DNS Record Removable Types. List of associated DNS records to delete when a fixed address is deleted. This is typically a list of DNS records created independently of the Infoblox IPAM Driver. Supported DNS record types are record:a, record:aaaa, record:ptr, record:txt, and record:cname.
Note
A DHCP port ip is an exception to this. The DHCP port ip is created as a host record with DHCP disabled to allow IP aliasing, regardless of IP Allocation Strategy configuration. IP aliasing is used in OpenStack when multiple subnets are created in the same network. Each subnet requires a DHCP port ip and those ips are all assigned to the same DHCP port, but only one MAC address exists. If IPAM only support configuration is used, DNS is disabled as well for the host record.

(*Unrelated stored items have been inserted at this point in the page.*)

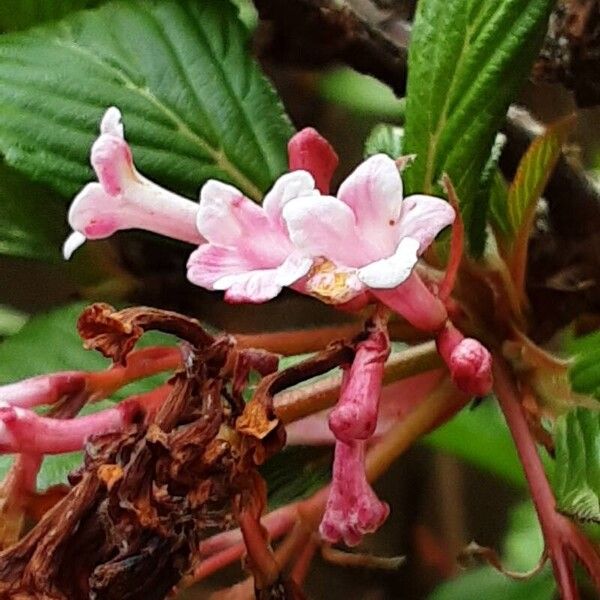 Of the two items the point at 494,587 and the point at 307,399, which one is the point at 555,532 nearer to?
the point at 307,399

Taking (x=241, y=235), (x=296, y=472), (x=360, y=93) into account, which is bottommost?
(x=360, y=93)

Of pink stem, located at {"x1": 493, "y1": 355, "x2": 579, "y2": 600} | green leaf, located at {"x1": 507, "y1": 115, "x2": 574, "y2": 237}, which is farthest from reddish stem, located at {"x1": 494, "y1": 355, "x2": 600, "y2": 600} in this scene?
green leaf, located at {"x1": 507, "y1": 115, "x2": 574, "y2": 237}

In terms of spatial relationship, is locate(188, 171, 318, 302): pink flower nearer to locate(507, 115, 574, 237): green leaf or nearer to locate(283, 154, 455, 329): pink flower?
locate(283, 154, 455, 329): pink flower

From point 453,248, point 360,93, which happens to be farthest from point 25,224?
point 360,93

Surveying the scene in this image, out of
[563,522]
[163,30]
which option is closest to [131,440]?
[563,522]

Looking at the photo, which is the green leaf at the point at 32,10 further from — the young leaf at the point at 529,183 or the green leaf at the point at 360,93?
the green leaf at the point at 360,93

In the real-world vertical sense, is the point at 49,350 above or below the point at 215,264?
below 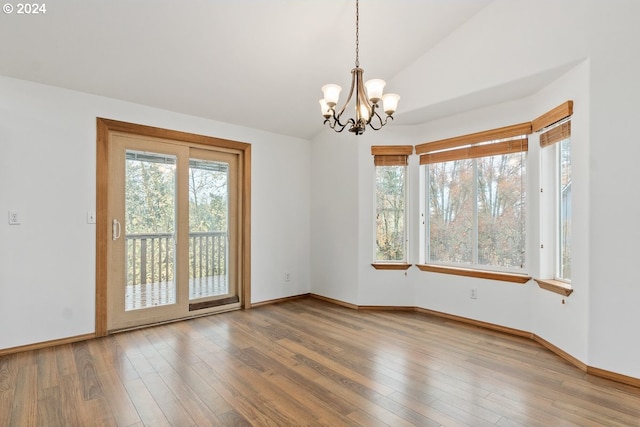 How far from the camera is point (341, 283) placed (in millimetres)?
4582

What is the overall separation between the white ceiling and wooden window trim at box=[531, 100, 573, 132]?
1180 millimetres

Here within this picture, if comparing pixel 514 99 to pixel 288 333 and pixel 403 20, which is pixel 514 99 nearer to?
pixel 403 20

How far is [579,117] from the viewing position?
2682 millimetres

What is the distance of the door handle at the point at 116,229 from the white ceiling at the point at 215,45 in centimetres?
129

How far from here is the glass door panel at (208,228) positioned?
4.08 meters

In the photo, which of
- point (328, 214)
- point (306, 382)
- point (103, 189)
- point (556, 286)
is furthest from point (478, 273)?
point (103, 189)

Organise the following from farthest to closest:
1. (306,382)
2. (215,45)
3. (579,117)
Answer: (215,45), (579,117), (306,382)

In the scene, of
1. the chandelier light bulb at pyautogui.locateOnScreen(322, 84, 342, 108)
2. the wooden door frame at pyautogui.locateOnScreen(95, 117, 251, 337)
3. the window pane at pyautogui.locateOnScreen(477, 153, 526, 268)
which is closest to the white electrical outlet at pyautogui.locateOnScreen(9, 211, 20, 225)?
the wooden door frame at pyautogui.locateOnScreen(95, 117, 251, 337)

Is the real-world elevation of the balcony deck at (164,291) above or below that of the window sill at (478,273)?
below

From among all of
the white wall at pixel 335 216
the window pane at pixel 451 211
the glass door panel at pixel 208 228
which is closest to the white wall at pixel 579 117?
the window pane at pixel 451 211

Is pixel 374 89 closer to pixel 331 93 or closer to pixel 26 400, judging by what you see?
pixel 331 93

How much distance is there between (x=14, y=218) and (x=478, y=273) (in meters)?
4.52

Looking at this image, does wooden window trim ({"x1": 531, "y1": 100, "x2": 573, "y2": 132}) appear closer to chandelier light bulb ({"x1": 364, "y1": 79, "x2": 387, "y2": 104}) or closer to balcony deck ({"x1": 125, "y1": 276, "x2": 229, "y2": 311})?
chandelier light bulb ({"x1": 364, "y1": 79, "x2": 387, "y2": 104})

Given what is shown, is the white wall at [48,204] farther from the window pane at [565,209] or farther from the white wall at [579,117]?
the window pane at [565,209] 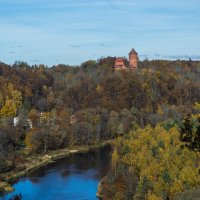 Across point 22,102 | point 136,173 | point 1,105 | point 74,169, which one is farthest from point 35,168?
point 22,102

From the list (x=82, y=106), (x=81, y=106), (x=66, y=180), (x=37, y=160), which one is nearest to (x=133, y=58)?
(x=81, y=106)

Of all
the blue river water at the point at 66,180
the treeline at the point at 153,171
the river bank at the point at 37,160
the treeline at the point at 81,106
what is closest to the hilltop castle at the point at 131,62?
the treeline at the point at 81,106

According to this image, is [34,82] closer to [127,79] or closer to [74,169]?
[127,79]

In order to serve DHCP and DNS, you must pick grid members to be registered to Neutron. You should exclude network discovery members and reporting members since they cannot serve DHCP and DNS. For the members to serve DHCP and DNS, the licenses must be properly installed and services must be properly running.
In general in order to utilize Infoblox for DHCP, you will need to use an SDN solution that provides a DHCP relay function. The standard Neutron functions do not provide relay.
To identify a grid member as available for use by OpenStack, you must set the EA Is Cloud Member to True. If you are running a grid but the GM is not configured and licensed for DNS or DHCP, set Use Grid Master for DHCP EA on the GM object to False. This will exclude the GM from being selected to serve DHCP or DNS.
NS Group. Name of the Name Server Group that will be used for serving DNS for all DNS zones. The default is None, in which case, DNS service members will be selected based on mapping conditions.
Network Template. Name of the Template to use when a network is created. A Template contains predefined network settings. The default is None.
Admin Network Deletion. Specifies whether to delete object from Infoblox when an Admin Network is deleted from OpenStack. A network that is specified as “external” and/or “shared” is considered an Admin Network. The default is False.
Relay Support. Specifies whether a Relay will be used. If set to False, then DNS Servers option will be set to the DNS Member that IPAM driver assigns. If True, DNS Servers option will be to the same ip as DHCP Port for the subnet. However, if the user specifies Nameservers option when the OpenStack subnet is created, then only the user provided nameservers would be used for DNS Servers option, irrespective of the Relay Support flag.